Недалеко аэропорт, и самолёты тут над камнями не следами в небе - они весомые железные узнаваемые - вот Easyjet, а вот Alitalia.
Жили-были древние римляне. Папа мой, глядя на Колизей, вздрагивал от мысли об их свирепой чужести - а я в Колизее вижу прежде всего котов в траве между скамейками.
А в термах Каракаллы - философов после бани. И морских римских чаек - они садятся на мозаичные полы под открытым небом.
***
На белые с чёрным мозаики белые с чёрным чайкиУсаживаются важно, и на мгновенье влажно
Становится на полу...
Чайки не улетают - чайки на месте тают:
На чёрном мраморе белые контуры
На века остаются в углу...
А слуги пучками кидают в тяжёлые ванны лаванду,
Спорит голый философ с полуголым другим,-
А потом
Оба идут в таверну надраться, никак не подозревая,
Что элегический дистих Горация, рифму приобретая,
Станет русским стихом...
Вот и ушли они, важные!.. Им завесы подняв, мальчишки
Получили монетки влажные, и - прямиком на базар,
А я сюда эту рифму принесу в записной книжке
И прилажу, как только все они
Прекратят мне мозолить глаза,
И укреплю,-
Тут, где на белые с чёрным мозаики
белые с чёрным чайки,
Как обычно, садятся важно, и на мгновенье - влажно
Становится на полу.
В каждом дереве дриада, и лешие в лесах, и кикимор никто не отменял, но в Остии камни рукодельные - не вода, не ветер, а шаги по мощёной дороге. Теплота камней и сжавшееся горло дают надежду на бессмертие - так вот и эхо наших шагов будет звучать в чьих-то ушах.
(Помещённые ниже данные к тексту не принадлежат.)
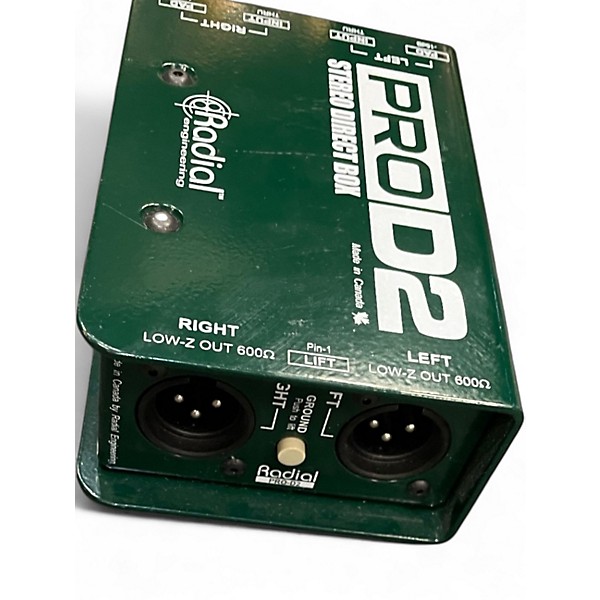 Used Radial Engineering PROD2 Direct Box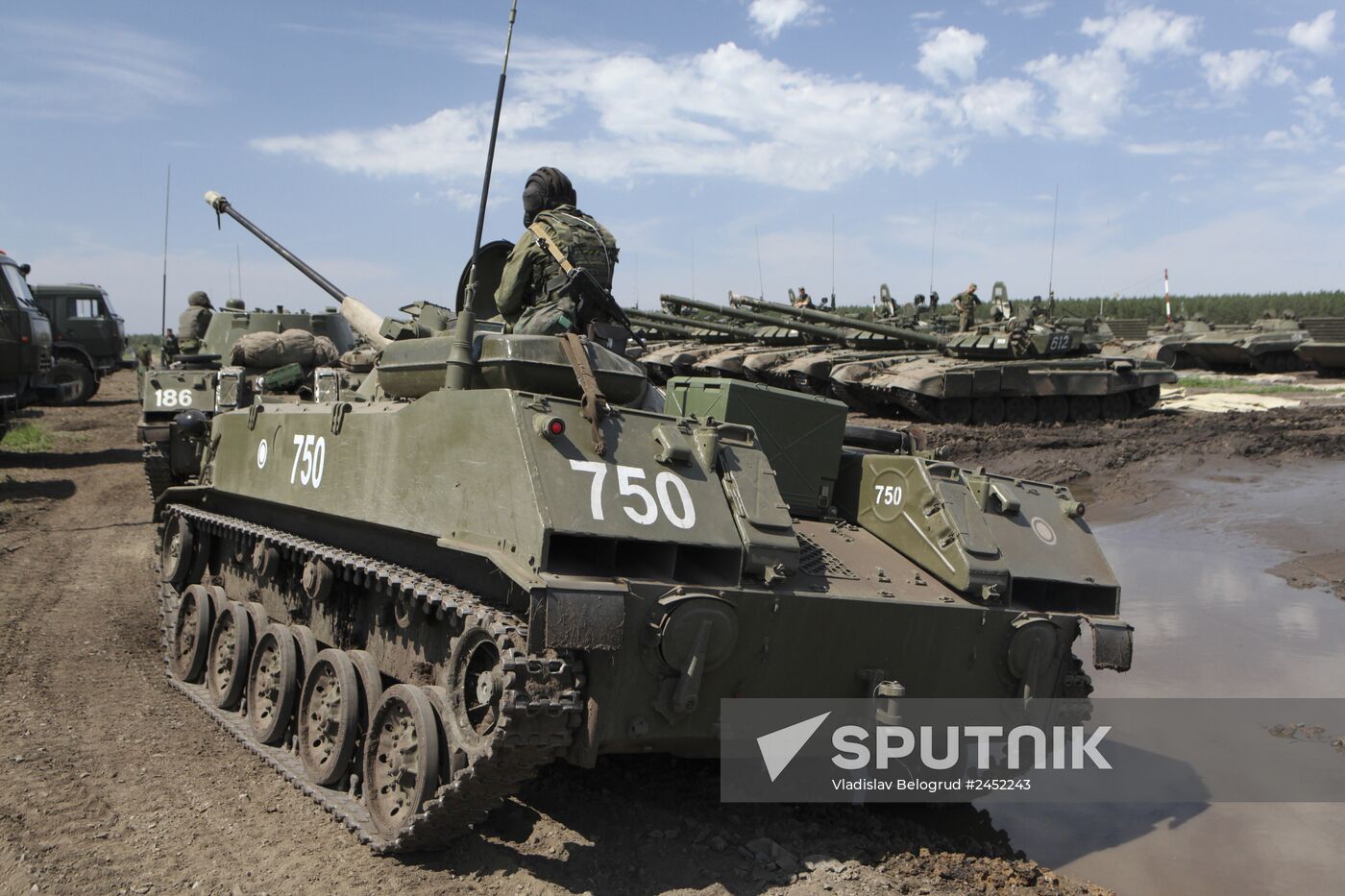 Sudden operational readiness test of Central Military District and airborne troops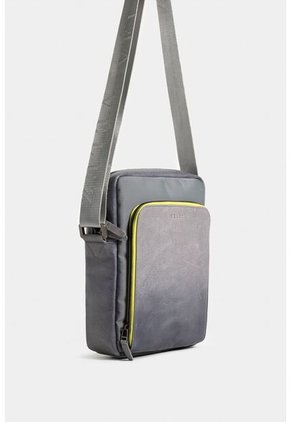 Manos Libres Erial De Cuero Y Lona Para Hombre Bolsillo Frontal Manos Libres Erial De Cuero Y Lona Para Hombre Bolsillo Frontal Gris Vélez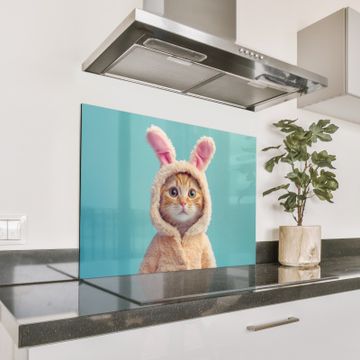 Salpicaderos de cocina - Conejo de Pascua - Gato - Disfraz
На стенках пустых саркофагов каменные живые лица, скачут каменные кони, рвутся на зелёную траву, а в ней - мальвы.
Сашка говорит, что римляне их ели. Тропинки, закоулки, тупики - мы детям сказали, что отправляемся на огромную детскую площадку - и взрослых тоже туда пускают.
***
Статуи чаще всего лишаются голов - что поделаешь, шеи хрупкие. И руки тоже отламываются легко.
***
Я в третий раз тут - в первый - меня привёз Васька майским днём 2005-го. А в 2008-ом серым без проблеска февральским днём я привезла сюда
Машку, оставив Ваську работать в нашей римской квартире.
В двух шагах от города - на электричке, на которую пересаживаешься из метро, даже билет новый не нужен.
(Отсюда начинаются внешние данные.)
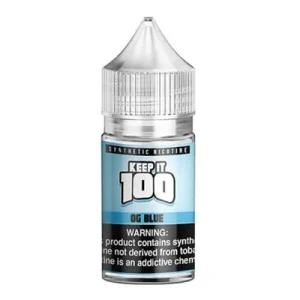 OG Blue Razz by Keep It 100 Salts 30mL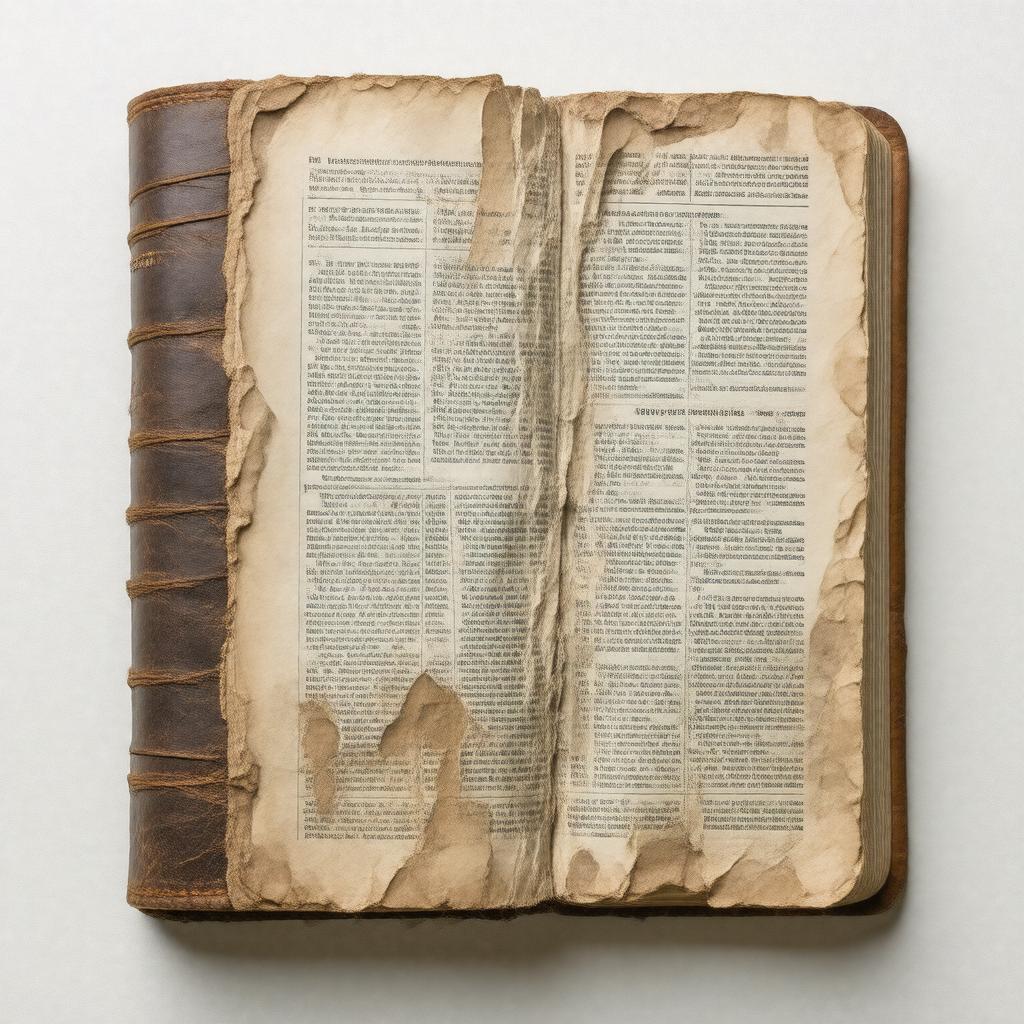 AI-created image of Nat Turner’s Bible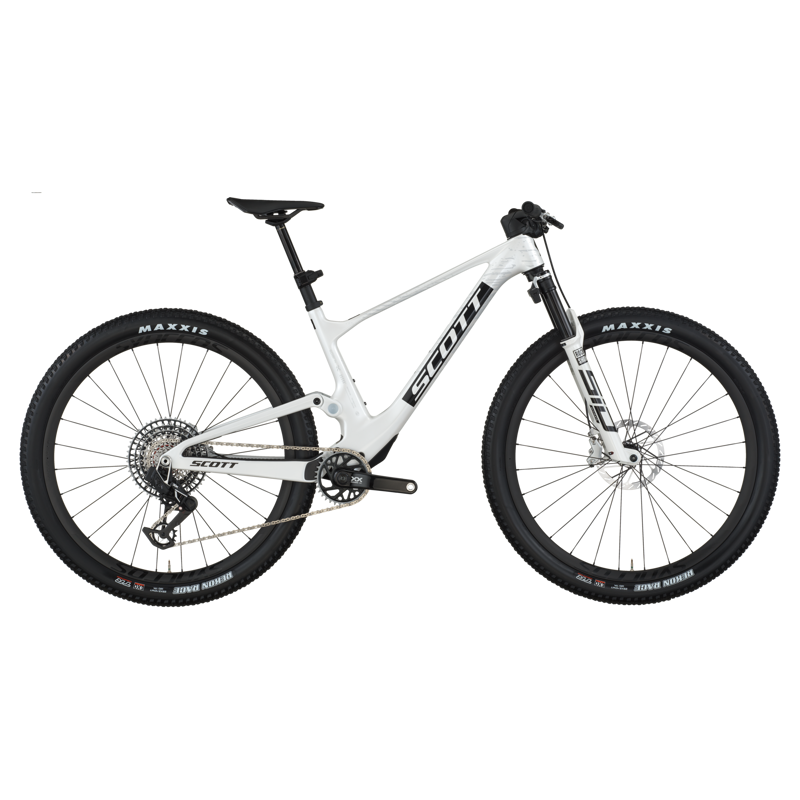 Scott Spark RC World Cup EVO Mountain Bike in White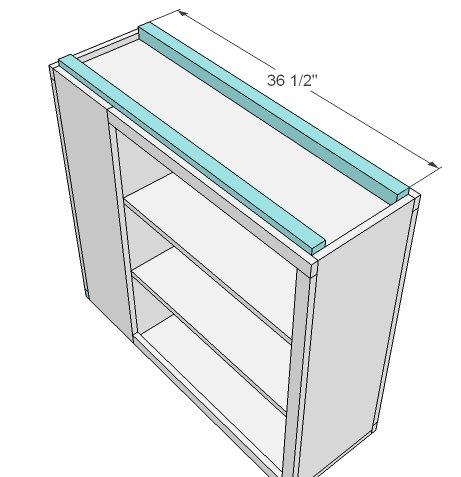 Modern Craft Table — step 8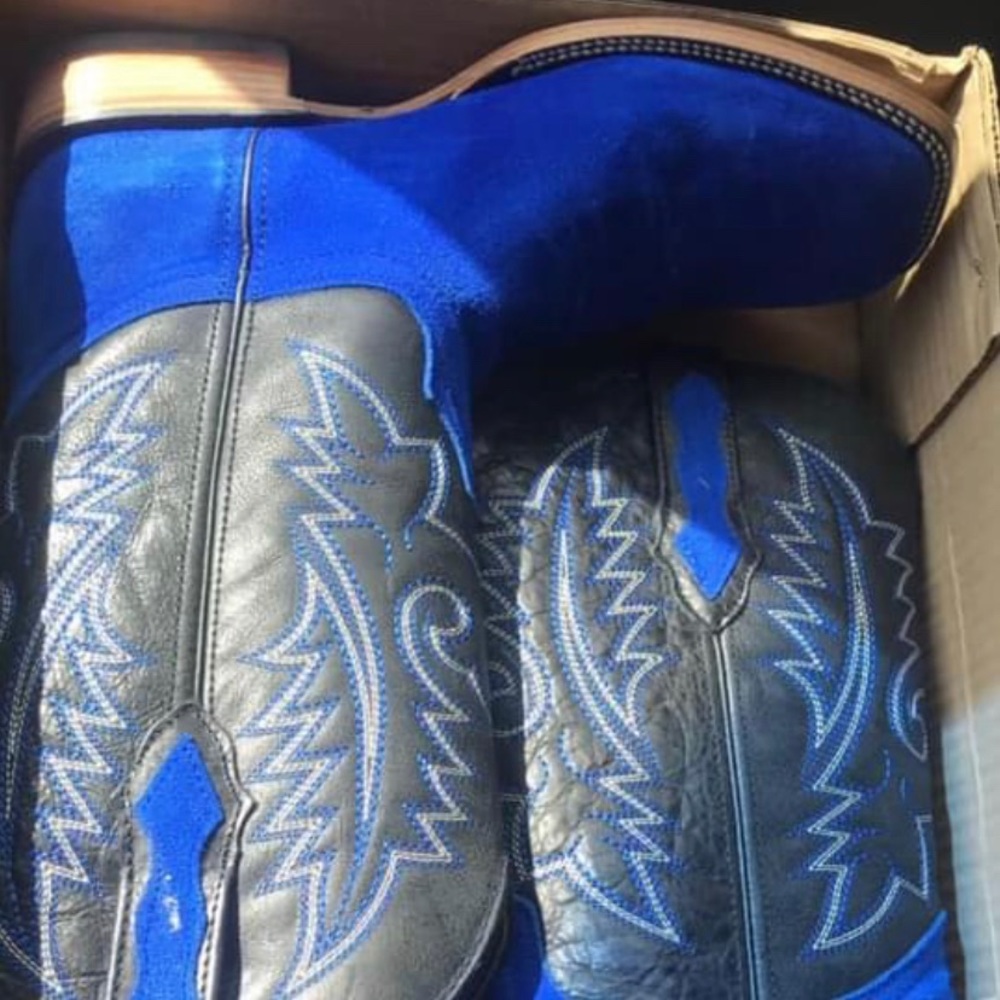 Custom Cowboy Boots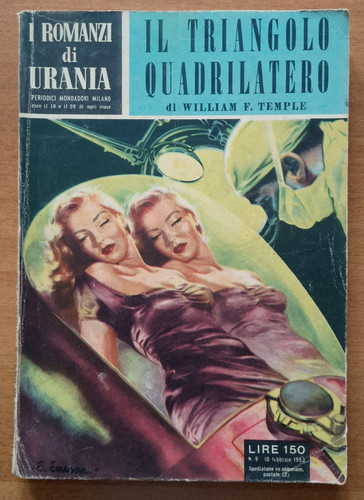Romanzi urania 9 - urania, "il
Тут не Помпея, не гибель на бегу, вдруг... Остия просто затихла, заглохла, перестала быть.
А был торговый порт в устье Тибра. Корабли с товарами приходили, писцы трудились. Отступило море, но с небольшого пупыря видны - очень далеко, где-то за полем, за дорогой, - в слепящем предзакатном свете мачты.
Умер город, да и зачем он был бы пришедшим на место римлян итальянцам, если в руинах они не жили, а пасли скот, - и тоже понятно - кто знает, какие тут призраки водятся. Выскочат, ухватят за бока.
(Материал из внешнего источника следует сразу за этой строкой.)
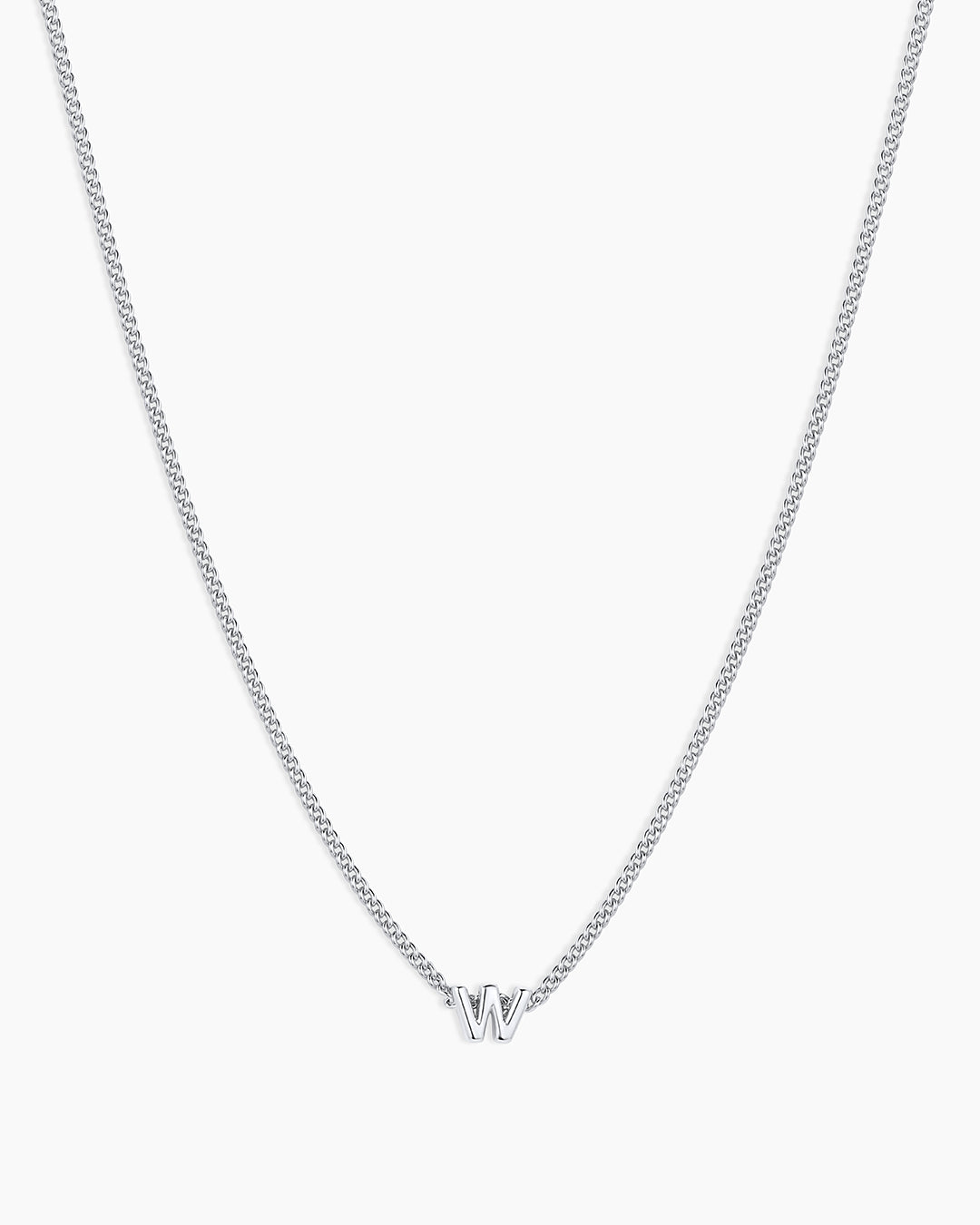 Mini Initial Necklace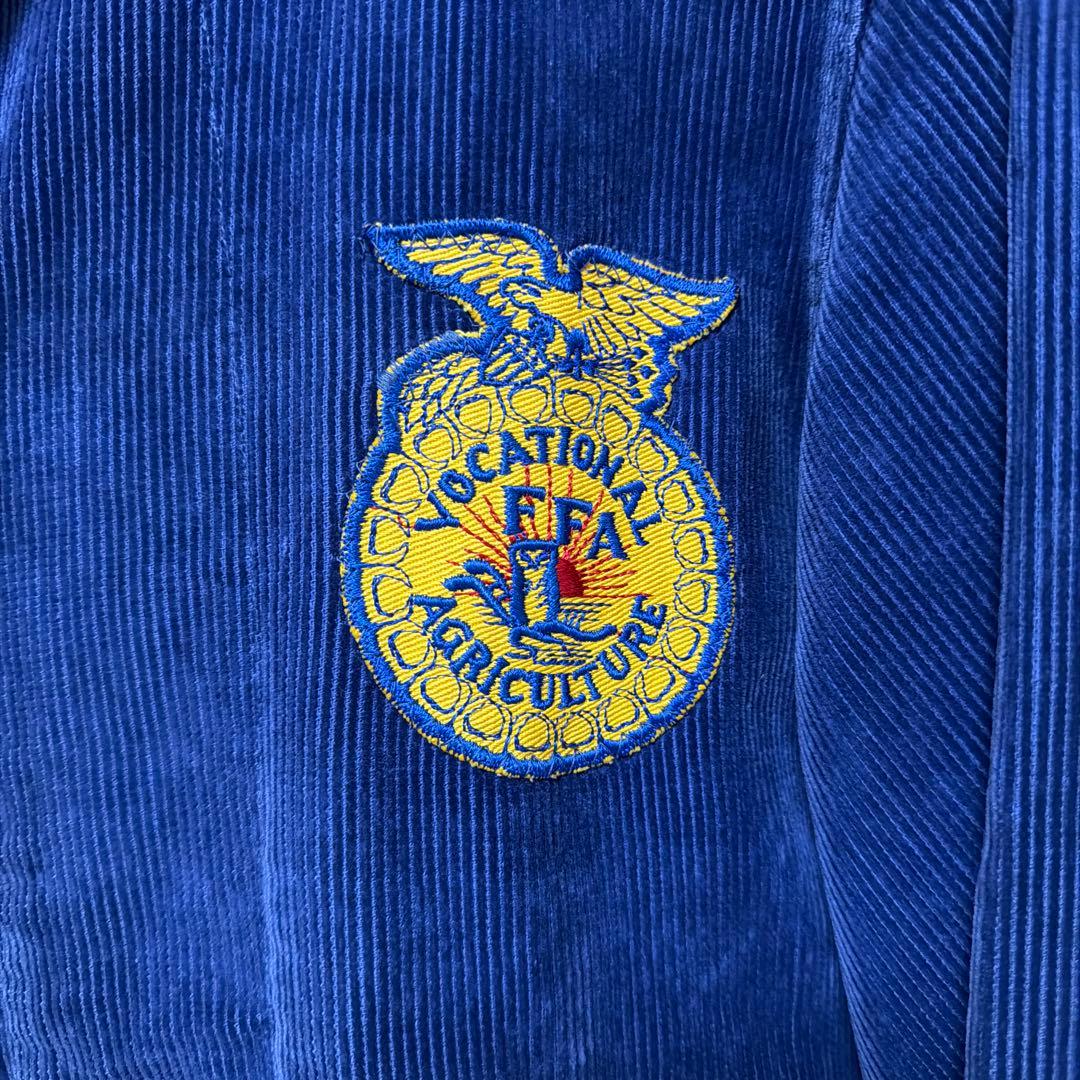 極上　希少　50s FFA ファーマーズジャケット ネイビー　コーデュロイ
Как нас в пять часов вечера, когда пора было служителям по домам, и город запереть до утра, хотели ухватить посвистывающие сторожа, когда мощёной дорогой шли мы на закате к выходу, глядя на белую почти полную, приколоченную между ветками пинии луну, и обеспокоенный Мурёк интересовался, догонят ли они нас.
***
Почти одиннадцать лет назад, вернувшись солнечным вечером из Остии в живой Рим, - мы шли от Термини пешком в гостиницу и долго сидели на скамейке на площади Vittorio Emmanuele и глядели на те же дальние холмы, которые и в Остии угадывались в просветах между пиниями - и на стрижей в небе.